In this article we will discuss how to merge dataframes on given columns or index as Join keys.
First let’s get a little intro about Dataframe.merge() again,
Dataframe.merge()
In Python’s Pandas Library Dataframe class provides a function to merge Dataframes i.e.
DataFrame.merge(right, how='inner', on=None, left_on=None, right_on=None, left_index=False, right_index=False, sort=False, suffixes=('_x', '_y'), copy=True, indicator=False, validate=None)
It accepts a hell lot of arguments. Let’s discuss some of them,
Imp Arguments :
- right : A dataframe or series to be merged with calling dataframe
- how : Merge type, values are : left, right, outer, inner. Default is ‘inner’. If both dataframes has some different columns, then based on this value, it will be decided which columns will be in the merged dataframe.
- on : Column name on which merge will be done. If not provided then merged on indexes.
- left_on : Specific column names in left dataframe, on which merge will be done.
- right_on : Specific column names in right dataframe, on which merge will be done.
- left_index : bool (default False)
- If True will choose index from left dataframe as join key.
- right_index : bool (default False)
- If True will choose index from right dataframe as join key.
- suffixes : tuple of (str, str), default (‘_x’, ‘_y’)

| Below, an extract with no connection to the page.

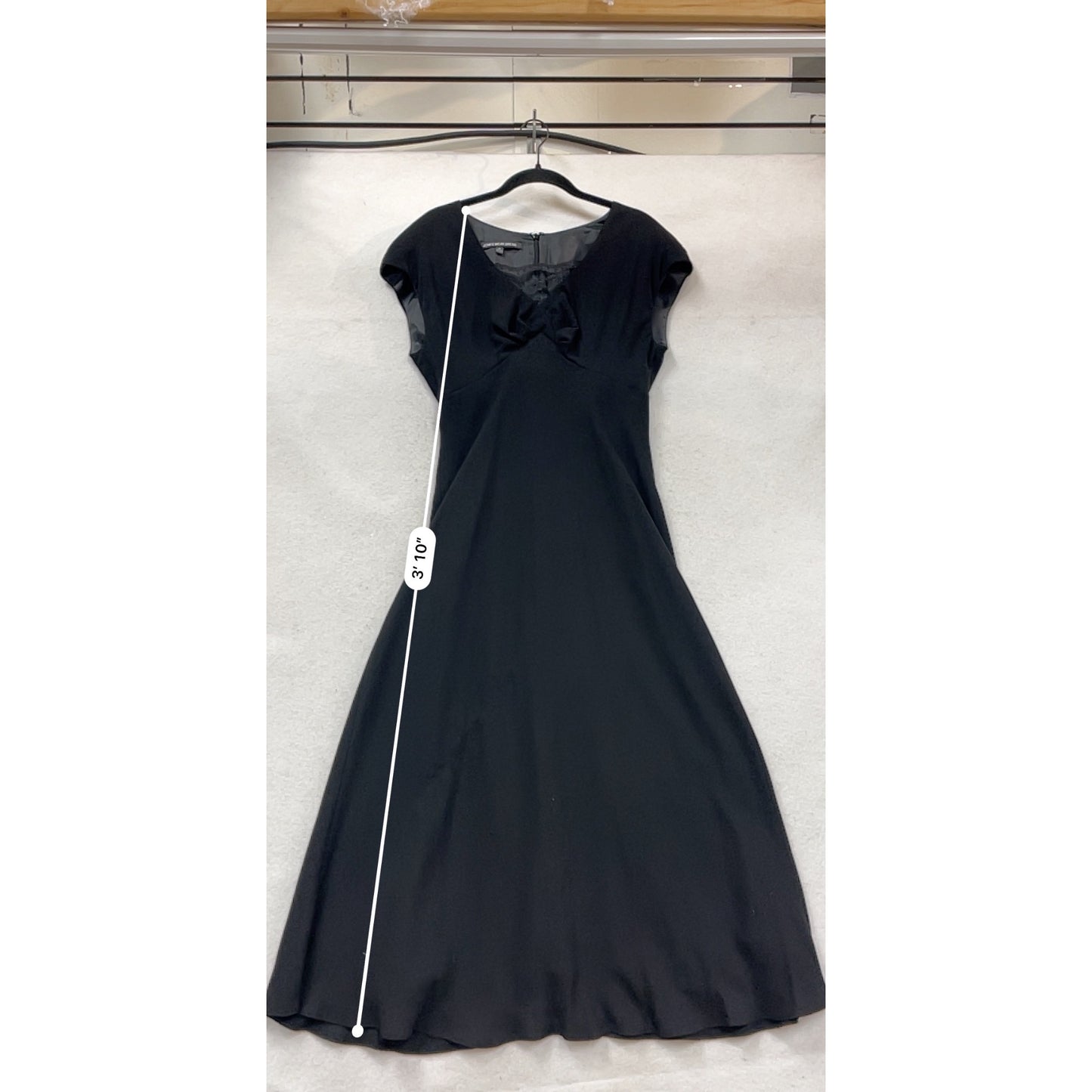Jones Wear Dress Black Cap Sleeve A-Line Size 14A #928A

- Suffex to be applied on overlapping columns in left & right dataframes respectively.
In our previous article our focus was on merging using ‘how’ argument i.e. basically merging Dataframes by default on common columns using different join types. But in this article we will mainly focus on other arguments like what if don’t want to join an all common columns ? What if we want to join on some selected columns only? Let’s see some examples to understand this,
First of all, let’s create two dataframes to be merged.
Frequently Asked:
Dataframe 1:
This dataframe contains the details of the employees like, ID, name, city, experience & Age i.e.
# List of Tuples empoyees = [ (11, 'jack', 34, 'Sydney', 5) , (12, 'Riti', 31, 'Delhi' , 7) , (13, 'Aadi', 16, 'New York', 11) , (14, 'Mohit', 32,'Delhi' , 15) , (15, 'Veena', 33, 'Delhi' , 4) , (16, 'Shaunak', 35, 'Mumbai', 5 ), (17, 'Shaun', 35, 'Colombo', 11) ] # Create a DataFrame object empDfObj = pd.DataFrame(empoyees, columns=['ID', 'Name', 'Age', 'City', 'Experience'], index=['a', 'b', 'c', 'd', 'e', 'f', 'g'])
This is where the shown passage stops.